# Truncated SVD Demo

Performs linear dimensionality reduction by means of truncated singular value decomposition (SVD).  
This estimator does not center the data before computing the singular value decomposition. This means it can work with sparse matrices efficiently.

Missing values means matrix decomposition cannot happen naturally.
We thus use Machine Learning iterative approach to complete the missing values.
The filled values which are ratings for users if high, those movies can be recommended to a user.

Actual SVD works on filled data in matrices like PCA does. We are going to use Truncated SVD.

In [1]:
import pandas as pd 
import numpy as np
from scipy.sparse import csr_matrix as sparse_matrix
import os
from sklearn.decomposition import TruncatedSVD
from sklearn.neighbors import NearestNeighbors

In [2]:
movie_ratings = pd.read_csv('data/ratings.csv')
movie_ratings.head()

Unnamed: 0,userId,movieId,rating,timestamp
0,1,1,4.0,964982703
1,1,3,4.0,964981247
2,1,6,4.0,964982224
3,1,47,5.0,964983815
4,1,50,5.0,964982931


In [3]:
import pandas as pd 
# to look up titles
movie_info = pd.read_csv('data/movies.csv', index_col=0)
movie_info.head()

Unnamed: 0_level_0,title,genres
movieId,Unnamed: 1_level_1,Unnamed: 2_level_1
1,Toy Story (1995),Adventure|Animation|Children|Comedy|Fantasy
2,Jumanji (1995),Adventure|Children|Fantasy
3,Grumpier Old Men (1995),Comedy|Romance
4,Waiting to Exhale (1995),Comedy|Drama|Romance
5,Father of the Bride Part II (1995),Comedy


In [4]:
def get_stats(ratings, item_key="item", user_key="user"):
    print("Number of ratings:", len(ratings))
    print("The average rating:", np.mean(ratings["rating"]))

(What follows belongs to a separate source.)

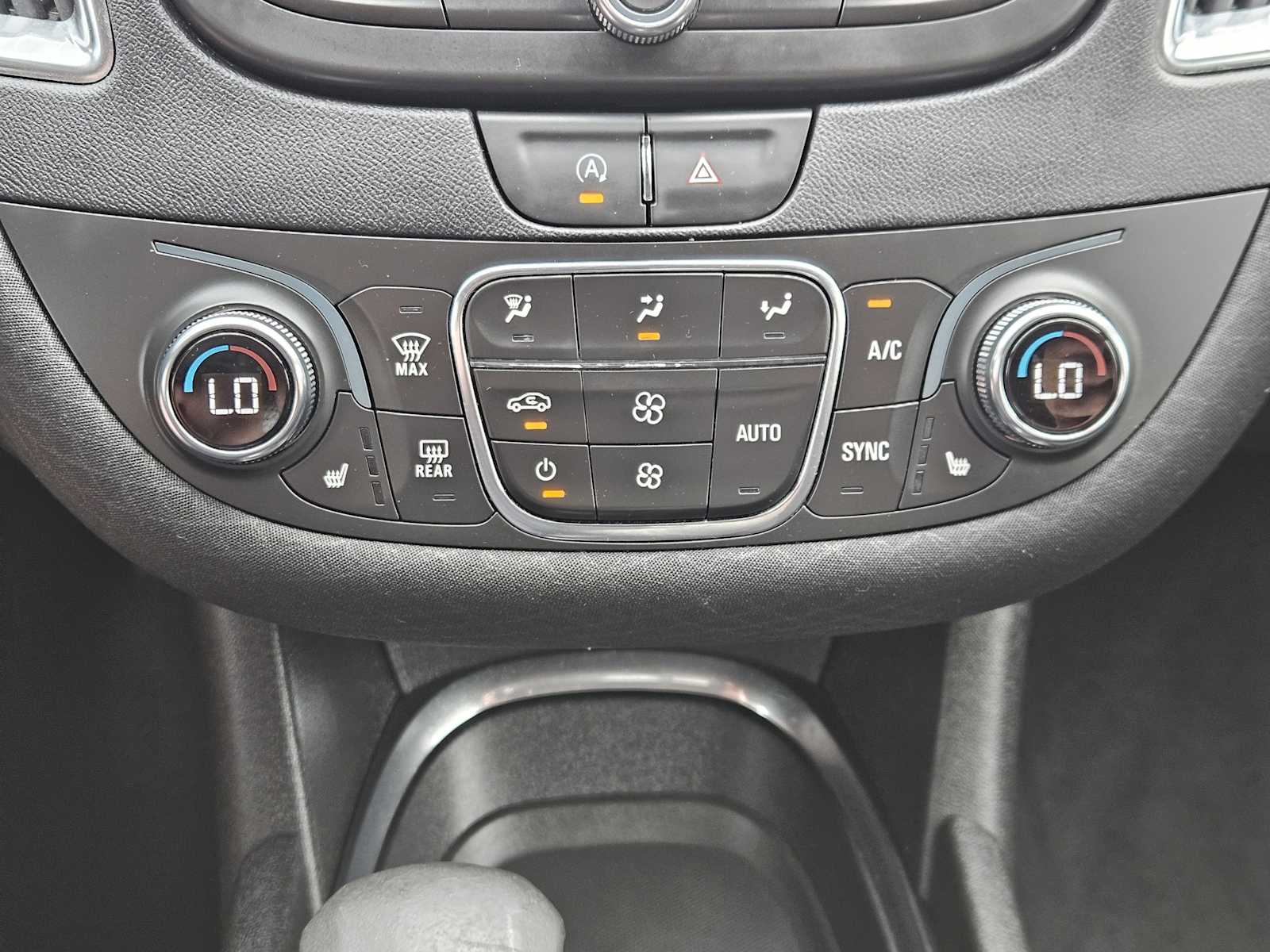 Thumbnail: 2021 Chevrolet Malibu - 19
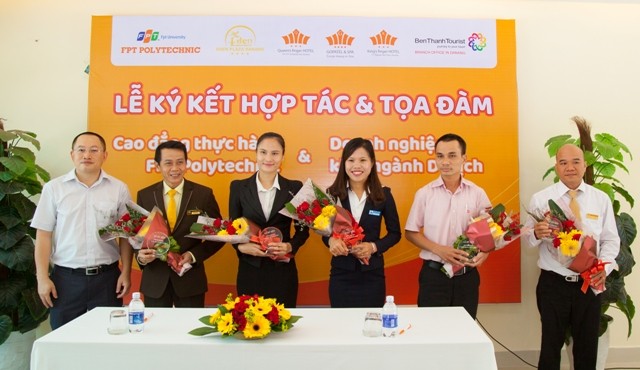 FPT Polytechnic hợp tác phát triển nguồn nhân lực với 5 doanh nghiệp Cao đẳng thực hành FPT Polytechnic ký kết hợp tác cùng 5 doanh nghiệp trong khối ngành Du lịch, bao gồm 4 khách sạn 4 sao: Gopatel, King’s Finger, Queen’s Finger, Eden Plaza Đà Nẵng và doanh nghiệp hàng đầu trong lĩnh vực Du lịch - Lữ hành là Công ty cổ p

    n = len(set(ratings[item_key]))
    d = len(set(ratings[user_key]))
    print("Number of users:", d)
    #print("Number of items:", n)
    print("Fraction nonzero:", len(ratings)/(n*d))
    print("Size of full X matrix (GB):", (n*d)*8/1e9)

    return n,d

In [5]:
def create_X(ratings, n, d, user_key="user", item_key="item"):
    """
    Creates a sparse matrix using scipy.csr_matrix and mappers to relate indexes to items' id.
    
    Parameters:
    -----------
    ratings: the ratings to be stored in the matrix;
    n: the number of items
    d: the number of users
    user_key: the column in the pandas dataframe that contains the users id
    item_key: the column in the pandas dataframe that contains the items id
    
    Returns: (X, user_mapper, item_mapper, user_inverse_mapper, item_inverse_mapper, user_ind, item_ind)
    --------
    X: the sparse matrix containing the ratings. Note that
    user_mapper: stores the indexes of the users - the user_id is the key;
    item_mapper: stores the indexes of the items - the item_id is the key;
    user_inverse_mapper: stores the user id - the user index is the key;
    item_inverse_mapper: stores the item id - the item index is the key;
    user_ind: indexes of the users;
    item_ind: indexes of the items;
    """
    
    user_mapper = dict(zip(np.unique(ratings[user_key]), list(range(d))))
    item_mapper = dict(zip(np.unique(ratings[item_key]), list(range(n))))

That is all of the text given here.